BoatUS is encouraging boaters in California to contact their lawmakers about Senate Bill 623, which, if passed, will ban copper antifouling paint for recreational boats.
Also known as bottom paint, the brushed, rolled-on or sprayed-on coatings contain copper, an effective biocide that prevents marine growth such as barnacles, seaweed and other organic matter on a boat’s hull or bottom, BoatUS said.
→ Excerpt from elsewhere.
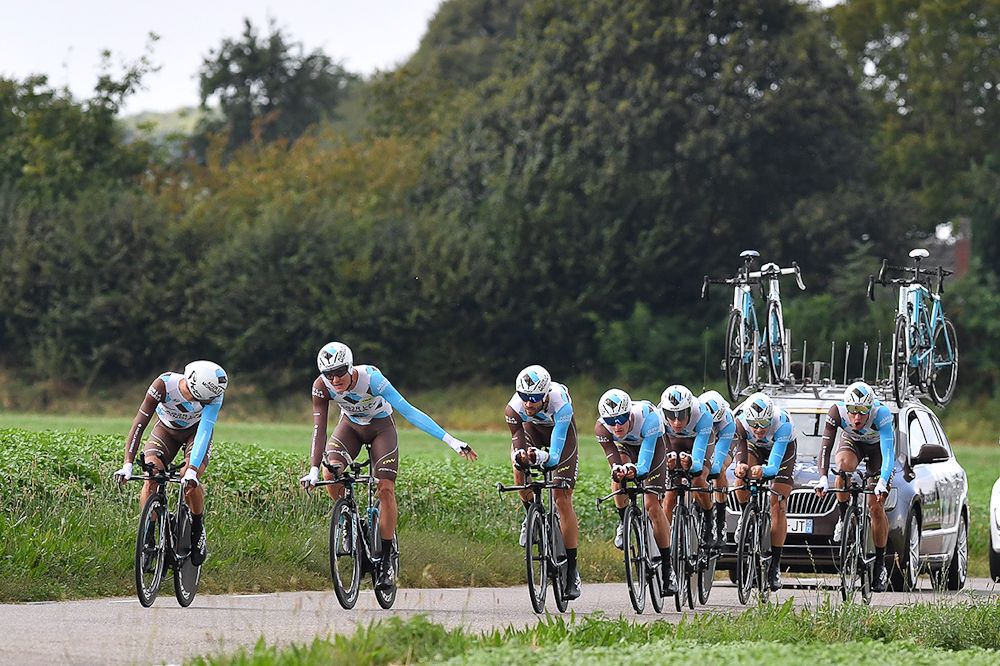AG2R La Mondiale in the Eneco team time trial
If left alone and without any preventive measures, the marine growth can substantially increase fuel consumption, reduce steering ability and eventually render a boat inoperable.
California Senate Bill 623 has passed two committees and is headed for a vote in the full Senate.
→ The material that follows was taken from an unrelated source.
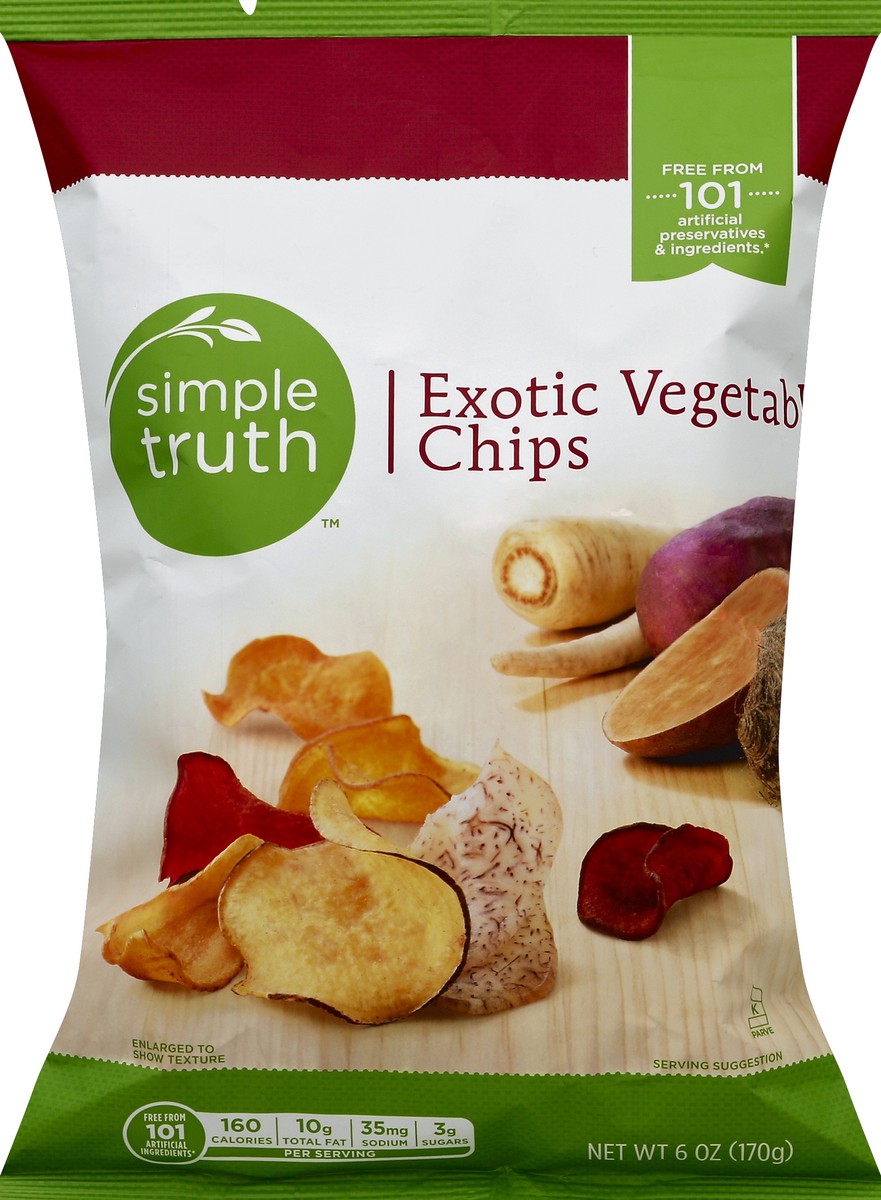 slide 4 of 5, Simple Truth Chips 6 oz, 6 oz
As written, the bill says that after Jan. 1, 2015, the sale of new recreational boats with copper bottom paint is prohibited, and that after Jan. 1, 2019, the use or application of antifouling paint containing copper on recreational boats is prohibited.
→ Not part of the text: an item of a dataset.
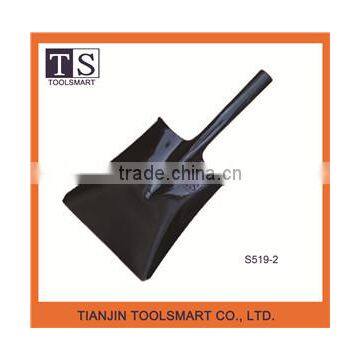 High Quality Flat Garden Spade Steel Shovel With Wooden or Fiber Glass Handle photo-2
“BoatUS has been monitoring developments in alternative antifouling paints for more than a decade and understands the origins and respects the good environmental intentions of this bill. However, currently there are few effective and cost-conscious alternatives to keep hulls clean,” the group said in a statement.
The March issue of Practical Sailor magazine analyzed 62 antifouling paints, 12 of which had no copper. In terms of performance, one non-copper bottom paint (that contained zinc) was rated “excellent,” one was rated “fair” and 10 were rated “poor,” BoatUS said.
“Bringing new products to market takes significant lead time and money,” Margaret Podlich, BoatUS vice president of government affairs, said in a statement. “How do we know there will be alternatives that are effective and affordable by the bill’s deadline? We recognize that there are many opinions about this bill and encourage boaters to contact your state senator to express your own views. We support innovation in antifouling paint, and we hope that sustainable solutions for boaters and the environment can be found.”